Listen

Sara’s sustainability journey

18 January 2018 ... min read

18 January 2018

From charity to business, this is the story of how one employee’s personal sustainability journey mirrors ING’s.

Sara Lamont of Wholesale Banking Transaction Services talks about her personal sustainability journey, from tree-hugging to helping our customers [02:19].

Sara Lamont used to be sure that sustainability was about tree-hugging and wearing plastic shoes.

“Like, I did my recycling and I gave money to charity, and I thought I was being sustainable,” says Sara, responsible for contracts and agreements in Wholesale Banking’s Transaction Services.

Then she was asked by her manager to help drive a sustainability initiative, and everything started to change.

“Somebody told me about the three Ps of sustainability, so people, planet and profit, and then all the sudden it clicked into place,” she says. She had two important ‘a-ha moments’: personal (“it’s actually about every aspect of your life”) and professional (“I realised how important it is to our customers”).

“It’s about understanding, for example, that if climate goes up by two degrees, that the energy prices can go up,” she says in this video.

“How can our customers cope with those changes?
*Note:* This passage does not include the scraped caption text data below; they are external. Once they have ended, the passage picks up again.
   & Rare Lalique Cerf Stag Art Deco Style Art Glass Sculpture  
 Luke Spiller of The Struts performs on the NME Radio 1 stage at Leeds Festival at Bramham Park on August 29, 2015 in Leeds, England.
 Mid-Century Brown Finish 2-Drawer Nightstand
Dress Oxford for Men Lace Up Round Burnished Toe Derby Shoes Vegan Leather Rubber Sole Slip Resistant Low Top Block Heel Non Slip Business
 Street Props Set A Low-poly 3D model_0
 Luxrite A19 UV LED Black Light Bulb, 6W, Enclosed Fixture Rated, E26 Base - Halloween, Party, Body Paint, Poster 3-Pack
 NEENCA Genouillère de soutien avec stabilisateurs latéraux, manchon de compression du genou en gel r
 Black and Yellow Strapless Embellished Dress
Realising how important it was to our customers really made me realise how important it was to us as a bank and financial institution.”

A journey

Sara’s journey actually mirrors ING’s.

For ING too, sustainability used to be about philanthropy and community service. But as a bank, our biggest impact is in our financing. Through the years sustainability has gradually become part of the business, which you can read about here.

Now, we’re ramping up our efforts even more with a sharpened ‘direction’ that says all of our sustainability initiatives will help contribute to a low-carbon or self-reliant society.

Why those areas?

“Climate change is a clear and present danger, and we have a duty to see where our financing can help combat it,” says ING global Sustainability Head Leon Wijnands.
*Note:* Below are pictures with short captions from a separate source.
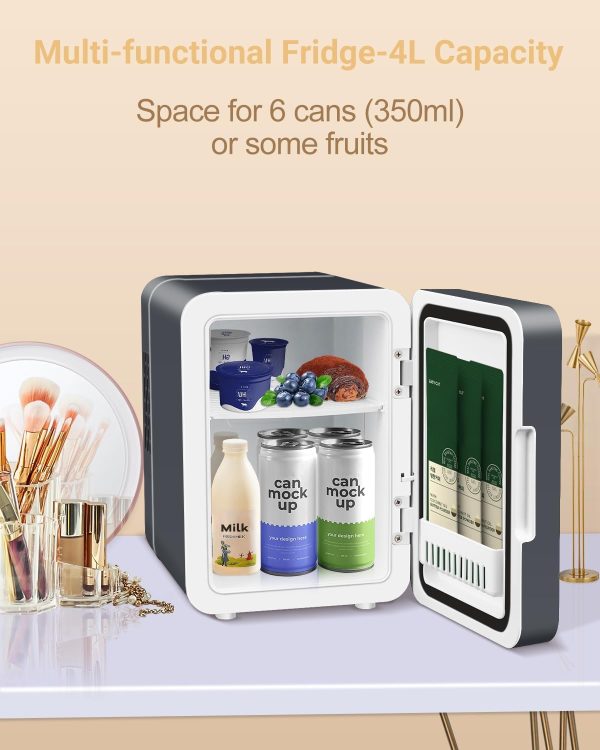 Upgrade Skincare Fridge with Dimmable LED Light Mirror, 4L/6Can Cooler - Image 7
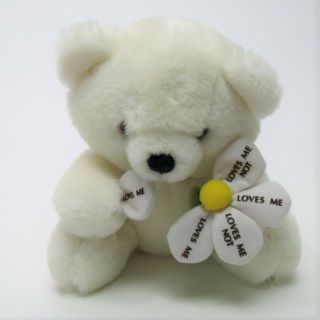 1986 Vintage Dakin Teddy Bear He Loves Me Not Flower Stuffed Plush Animal 9 "
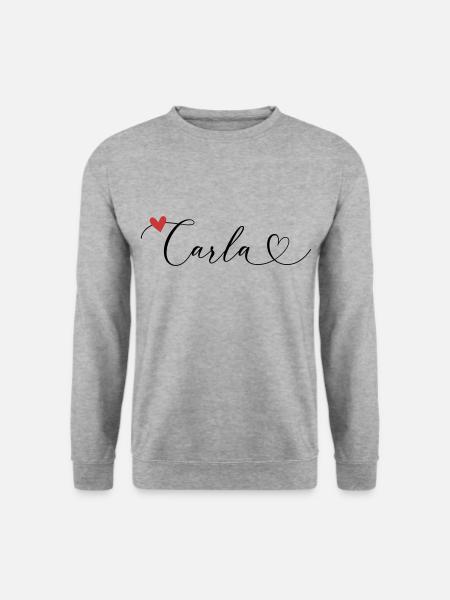 Carla Surname First name Calligraphy Heart - Unisex Sweatshirt - salt & pepper
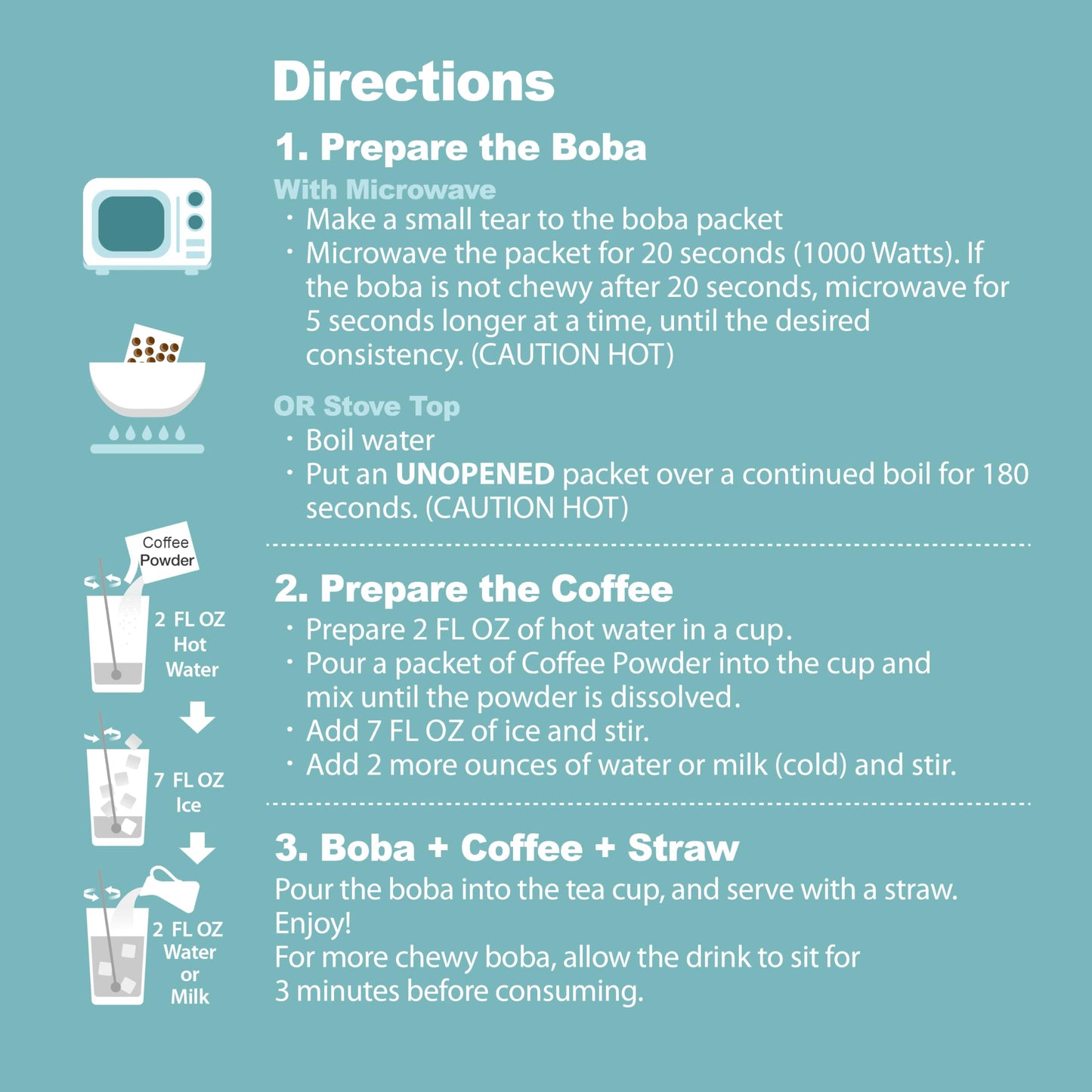 J Way Instant Vanilla Latte Coffee Kit With Authentic Brown Sugar Tapioca Boba, Ready In Under One Minute, Paper Straws Included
“And a self-reliant society is basically one where people are equipped to make good financial choices despite the difficult situation they may be in.”

Climate change is a clear and present danger, and we have a duty to see where our financing can help combat it.

- Leon Wijnands, ING global Sustainability head

This sharpened direction comes with ambitious initiatives and targets. Examples include becoming the industry leader in sustainable finance, creating products to specifically help our SME/Mid-Corp clients future-proof their businesses, helping the Think Forward Initiative financially empower 100 million people, and figuring out how to align our business with the two-degree scenario. To make sure we’re effective, countries will be required to have concrete sustainability targets – a first for many.

In Sara’s case, she wound up finding 32 colleagues to join the Transaction Services initiative. They came up with eight different sustainability topics (such as eliminating paper statements throughout all of Wholesale Banking) and have been given the mandate to pursue them.

Leon: “So much good work is being done already and there are many employees that still have a journey to make, like Sara did. Everyone can make a difference. I hope her story inspires those colleagues as much as it inspired me.”